Koritsu AI cloud cost optimization platform

Take control of your cloud spend with Koritsu AI’s free initial assessment. Visit Koritsu AI now to pinpoint inefficiencies in your cloud infrastructure and receive prioritised, actionable fixes that engineering teams can implement with confidence. Book your free assessment and see verified savings on your next bill.

FAQ

How does Koritsu AI support cost analysis for cloud infrastructure?

Koritsu AI provides AI cost analysis and anomaly detection that flags unusual spending and trends. The tool’s capabilities are designed to target teams spending over £8,000 per month on cloud infrastructure, ensuring that significant savings can be identified effectively. Consider engaging with Koritsu AI for a detailed examination of your cloud costs.

What is the difference between Koritsu AI and Vantage in terms of reporting?

Vantage offers strong reporting and visualisation capabilities, making it easy to slice spend by team, product, or cluster.
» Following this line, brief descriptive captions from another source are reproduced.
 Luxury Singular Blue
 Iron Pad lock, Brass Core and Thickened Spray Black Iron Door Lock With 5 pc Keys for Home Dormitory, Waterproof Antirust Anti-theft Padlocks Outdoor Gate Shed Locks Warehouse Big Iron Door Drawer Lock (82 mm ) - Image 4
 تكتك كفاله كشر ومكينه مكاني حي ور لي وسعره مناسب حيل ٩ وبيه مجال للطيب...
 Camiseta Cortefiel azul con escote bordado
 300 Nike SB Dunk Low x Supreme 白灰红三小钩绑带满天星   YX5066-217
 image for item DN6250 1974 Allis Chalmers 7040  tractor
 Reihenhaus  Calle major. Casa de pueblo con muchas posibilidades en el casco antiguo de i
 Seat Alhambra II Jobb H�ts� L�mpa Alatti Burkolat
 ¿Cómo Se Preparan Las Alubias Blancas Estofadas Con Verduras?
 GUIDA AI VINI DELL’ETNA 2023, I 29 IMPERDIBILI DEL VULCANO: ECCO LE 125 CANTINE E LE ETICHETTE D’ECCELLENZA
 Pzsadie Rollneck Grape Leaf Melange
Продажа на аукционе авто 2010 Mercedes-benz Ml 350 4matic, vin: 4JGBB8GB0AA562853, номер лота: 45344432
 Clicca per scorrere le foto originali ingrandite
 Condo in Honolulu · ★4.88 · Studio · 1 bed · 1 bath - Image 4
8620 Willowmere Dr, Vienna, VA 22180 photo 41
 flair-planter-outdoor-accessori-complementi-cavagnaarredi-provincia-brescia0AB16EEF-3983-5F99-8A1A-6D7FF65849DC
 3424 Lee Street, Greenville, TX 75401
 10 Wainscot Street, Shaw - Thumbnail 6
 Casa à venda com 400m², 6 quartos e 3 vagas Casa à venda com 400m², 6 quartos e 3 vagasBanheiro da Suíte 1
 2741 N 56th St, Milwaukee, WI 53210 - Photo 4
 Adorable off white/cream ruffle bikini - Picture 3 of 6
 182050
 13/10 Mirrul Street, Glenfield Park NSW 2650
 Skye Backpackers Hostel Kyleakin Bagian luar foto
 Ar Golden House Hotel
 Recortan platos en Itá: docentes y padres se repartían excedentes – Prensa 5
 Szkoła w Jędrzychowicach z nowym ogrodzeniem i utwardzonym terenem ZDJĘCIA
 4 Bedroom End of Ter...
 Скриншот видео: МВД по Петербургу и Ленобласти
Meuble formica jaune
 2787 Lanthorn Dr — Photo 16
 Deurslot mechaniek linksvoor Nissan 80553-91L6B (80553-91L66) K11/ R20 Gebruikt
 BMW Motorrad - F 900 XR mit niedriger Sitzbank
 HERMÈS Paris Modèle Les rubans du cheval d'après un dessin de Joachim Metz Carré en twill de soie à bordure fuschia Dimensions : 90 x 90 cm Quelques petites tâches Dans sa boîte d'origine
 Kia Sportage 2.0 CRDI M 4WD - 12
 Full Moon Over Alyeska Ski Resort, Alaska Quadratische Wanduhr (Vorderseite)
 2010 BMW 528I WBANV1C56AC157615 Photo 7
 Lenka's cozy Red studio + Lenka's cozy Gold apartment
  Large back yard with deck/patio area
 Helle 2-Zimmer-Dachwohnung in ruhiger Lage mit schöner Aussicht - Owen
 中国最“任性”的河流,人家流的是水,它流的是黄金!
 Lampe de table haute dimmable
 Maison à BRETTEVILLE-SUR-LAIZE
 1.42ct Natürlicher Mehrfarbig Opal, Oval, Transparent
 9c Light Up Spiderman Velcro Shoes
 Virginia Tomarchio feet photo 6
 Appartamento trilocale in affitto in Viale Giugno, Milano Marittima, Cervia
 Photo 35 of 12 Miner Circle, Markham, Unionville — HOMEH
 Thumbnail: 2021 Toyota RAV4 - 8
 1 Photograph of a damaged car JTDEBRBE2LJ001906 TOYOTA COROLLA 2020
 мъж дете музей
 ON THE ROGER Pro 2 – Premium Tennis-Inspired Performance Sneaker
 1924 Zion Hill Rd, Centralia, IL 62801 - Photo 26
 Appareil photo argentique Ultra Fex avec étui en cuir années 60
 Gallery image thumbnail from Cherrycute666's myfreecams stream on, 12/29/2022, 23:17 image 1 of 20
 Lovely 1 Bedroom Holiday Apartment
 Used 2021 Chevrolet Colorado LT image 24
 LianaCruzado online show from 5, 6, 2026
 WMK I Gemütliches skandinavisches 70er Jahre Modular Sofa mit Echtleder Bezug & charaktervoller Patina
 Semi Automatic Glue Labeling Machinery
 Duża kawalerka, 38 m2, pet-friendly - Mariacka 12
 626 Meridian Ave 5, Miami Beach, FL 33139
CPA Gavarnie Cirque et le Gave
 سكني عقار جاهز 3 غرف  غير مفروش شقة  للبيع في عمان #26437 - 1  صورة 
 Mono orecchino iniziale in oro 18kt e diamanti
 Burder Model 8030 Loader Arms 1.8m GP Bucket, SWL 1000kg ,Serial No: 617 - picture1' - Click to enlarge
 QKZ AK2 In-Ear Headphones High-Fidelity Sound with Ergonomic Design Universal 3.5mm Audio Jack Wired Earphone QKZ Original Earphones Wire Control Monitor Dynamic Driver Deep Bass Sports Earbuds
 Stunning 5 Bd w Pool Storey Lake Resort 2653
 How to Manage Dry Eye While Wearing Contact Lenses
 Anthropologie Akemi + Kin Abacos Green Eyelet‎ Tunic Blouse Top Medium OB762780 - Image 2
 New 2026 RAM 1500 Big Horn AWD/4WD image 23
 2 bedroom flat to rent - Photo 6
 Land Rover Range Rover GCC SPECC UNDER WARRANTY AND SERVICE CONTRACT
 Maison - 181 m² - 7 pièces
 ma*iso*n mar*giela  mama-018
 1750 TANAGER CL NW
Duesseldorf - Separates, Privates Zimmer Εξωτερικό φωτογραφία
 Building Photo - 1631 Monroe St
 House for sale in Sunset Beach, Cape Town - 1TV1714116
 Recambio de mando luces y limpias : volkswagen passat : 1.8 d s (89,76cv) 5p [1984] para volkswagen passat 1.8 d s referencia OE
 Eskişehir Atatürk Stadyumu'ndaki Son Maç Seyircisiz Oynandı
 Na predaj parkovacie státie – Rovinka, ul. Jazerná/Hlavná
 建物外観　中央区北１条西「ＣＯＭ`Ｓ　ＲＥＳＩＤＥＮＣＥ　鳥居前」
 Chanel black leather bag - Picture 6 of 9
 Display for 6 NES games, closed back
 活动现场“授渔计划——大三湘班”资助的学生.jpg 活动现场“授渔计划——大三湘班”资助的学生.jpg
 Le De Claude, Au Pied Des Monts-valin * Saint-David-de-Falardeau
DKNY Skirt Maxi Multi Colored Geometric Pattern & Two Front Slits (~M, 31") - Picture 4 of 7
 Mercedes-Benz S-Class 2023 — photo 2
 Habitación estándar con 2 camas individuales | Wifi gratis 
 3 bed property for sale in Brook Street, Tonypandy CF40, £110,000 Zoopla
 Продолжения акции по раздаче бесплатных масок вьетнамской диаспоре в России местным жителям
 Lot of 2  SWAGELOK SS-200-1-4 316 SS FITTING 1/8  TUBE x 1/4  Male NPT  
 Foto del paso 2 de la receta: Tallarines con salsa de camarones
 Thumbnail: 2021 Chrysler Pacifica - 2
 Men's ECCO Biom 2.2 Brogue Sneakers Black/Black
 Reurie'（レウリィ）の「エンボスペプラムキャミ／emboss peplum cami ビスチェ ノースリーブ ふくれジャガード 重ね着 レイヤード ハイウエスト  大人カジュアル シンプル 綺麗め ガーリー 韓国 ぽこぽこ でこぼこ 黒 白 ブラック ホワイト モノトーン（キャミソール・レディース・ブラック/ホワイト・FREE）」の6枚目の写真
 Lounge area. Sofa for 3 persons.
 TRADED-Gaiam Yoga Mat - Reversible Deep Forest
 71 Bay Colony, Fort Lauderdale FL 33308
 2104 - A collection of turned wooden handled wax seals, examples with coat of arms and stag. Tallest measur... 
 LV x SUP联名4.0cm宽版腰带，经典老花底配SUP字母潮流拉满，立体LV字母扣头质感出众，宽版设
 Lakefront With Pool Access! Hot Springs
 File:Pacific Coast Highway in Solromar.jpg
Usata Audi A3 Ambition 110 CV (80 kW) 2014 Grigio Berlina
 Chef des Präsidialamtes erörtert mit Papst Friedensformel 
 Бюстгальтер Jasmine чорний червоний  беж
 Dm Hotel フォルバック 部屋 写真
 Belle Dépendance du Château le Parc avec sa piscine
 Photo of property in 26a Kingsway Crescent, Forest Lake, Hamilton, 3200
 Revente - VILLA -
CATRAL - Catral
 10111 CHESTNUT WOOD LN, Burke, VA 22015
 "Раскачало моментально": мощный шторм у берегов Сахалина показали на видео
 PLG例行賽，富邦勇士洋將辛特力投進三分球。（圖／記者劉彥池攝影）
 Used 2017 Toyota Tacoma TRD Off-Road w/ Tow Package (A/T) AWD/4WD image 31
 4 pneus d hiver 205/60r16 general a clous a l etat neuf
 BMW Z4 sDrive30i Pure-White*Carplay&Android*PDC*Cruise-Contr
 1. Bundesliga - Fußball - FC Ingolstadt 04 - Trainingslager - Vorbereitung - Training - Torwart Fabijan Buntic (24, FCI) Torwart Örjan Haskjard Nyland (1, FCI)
In contrast, Koritsu AI focuses on deep engineering-level analysis that not only covers billing anomalies but also addresses root causes of waste in coding and architecture. Both tools are effective, but Koritsu AI delivers a more technical approach when tackling inefficiencies.

Can I rely on Koritsu AI’s continuous monitoring feature?

Yes, Koritsu AI features ongoing automated monitoring by its AI agent, Kori, which provides continuous alerts and tracks regressions after fixes. This ensures that organisations remain aware of cost fluctuations and can address issues in real time, allowing for proactive cost management.

What concerns should I have if my organisation lacks mature engineering capabilities and is considering Koritsu AI?

Organisations without mature engineering or cloud operations teams may find the implementation of Koritsu AI challenging, as many recommendations require technical changes. It’s essential to assess internal resources before deciding to adopt this solution.

How does Koritsu AI ensure alignment with financial impact in its recommendations?

Koritsu AI ties its fees to proven savings on customer bills, which prioritises recommendations that are not purely advisory but technically accountable. This arrangement means your organisation can expect measurable cost reductions directly linked to the insights provided by the platform.